January 2008

Having used different kinds of language (C++, python, ruby, ocaml, erlang), I still can’t choose what kind of typing I prefer as far as static vs dynamic typing is concerned (I will not discuss the strong vs duck typing).

I’m not convince that a static type system is a useful “bug avoidance system” (for my kind of development habits at least!). Not that it cannot prevent some bugs, but those are probably the “easy bugs” that would have show-up in unit-tests … and this is exactly the point: unit-tests are anyway necessary to test the functional aspect, so type kind of bug will be found in either kind of development environment.

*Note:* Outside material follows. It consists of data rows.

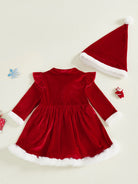 Celebrate the season in style with these adorable Christmas outfits for baby girls aged 1-2 years—cozy, festive, and cute! -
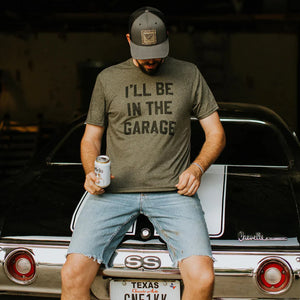 PREORDER: I'll Be In The Garage Graphic Tee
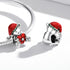 jewelaus CHARMS Christmas Teddy Charm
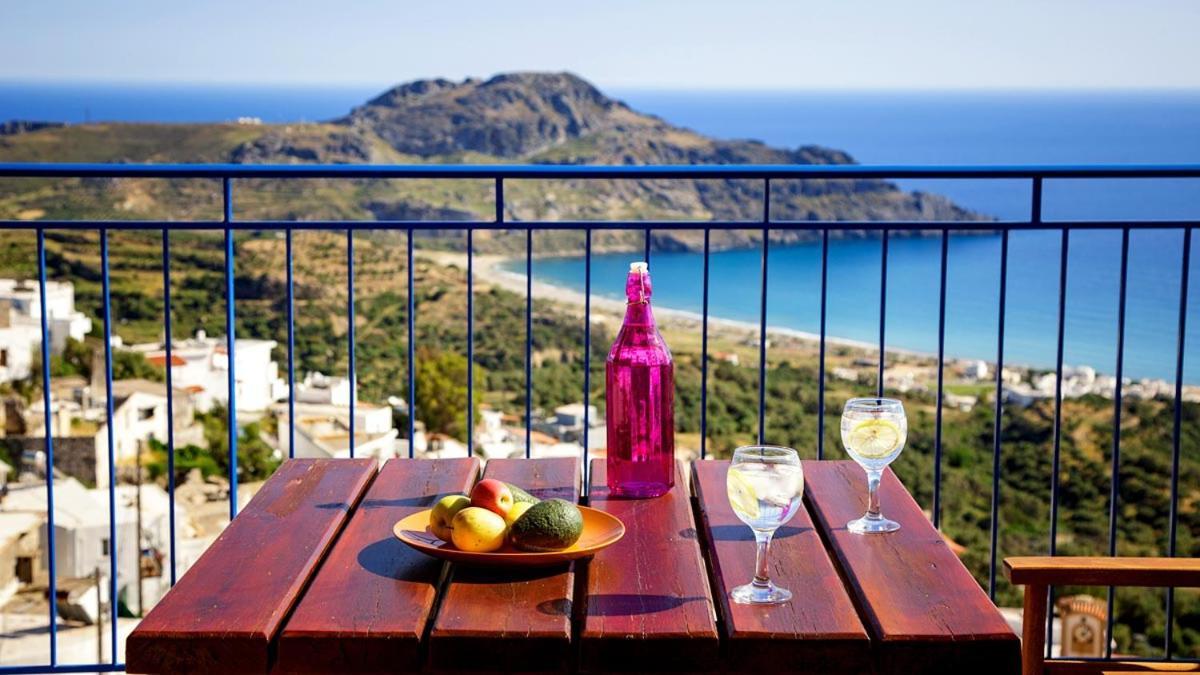 Mirthios-Hill Apartments Plakias Luaran gambar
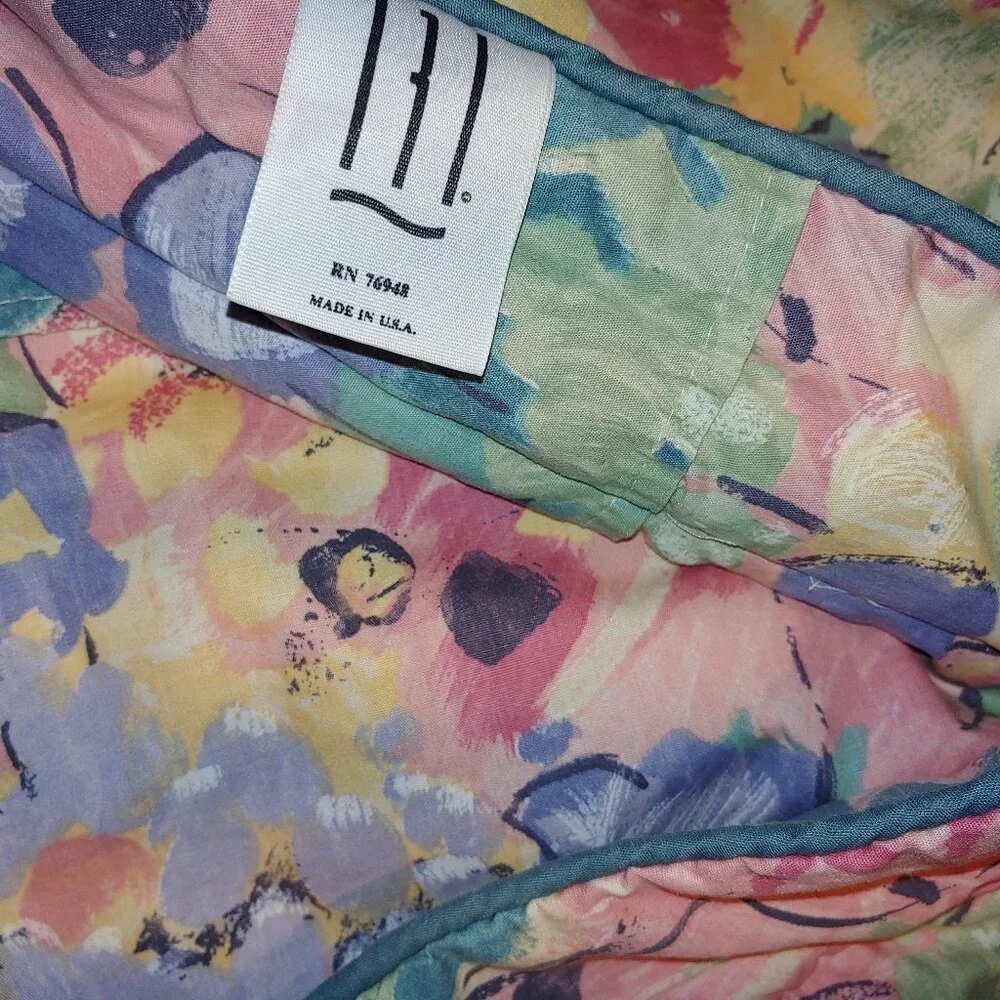 2pc Revman Di Lewis QUEEN Bed Skirt & Std Sham Paul Gauguin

Having written lot of code in python and C++, I sure better love python: I will not repeat here why language like python or ruby are more easy to read, more concise and so on …

However in team environment, a type is a first documentation feature! In a clear API, the type information is nearly enough to use the API (most python API documentation define all types of the parameters …).

Also with my last experiences with ocaml, I discover that having to define the type oblige to think more about what is the data. When thinking of the type of a data, you end-up asking you question like: what is it that I want to manipulate? if it should have this and that method, is it an application object? is it a subcomponent of my current object? is it a facet/interface of my object? can I abstract this “thing”? … all that is a good point in favor of strongly typed language at compile time as it help to concentrate on defining data!


Tip I enjoyed today: python in vim, how cool is that!?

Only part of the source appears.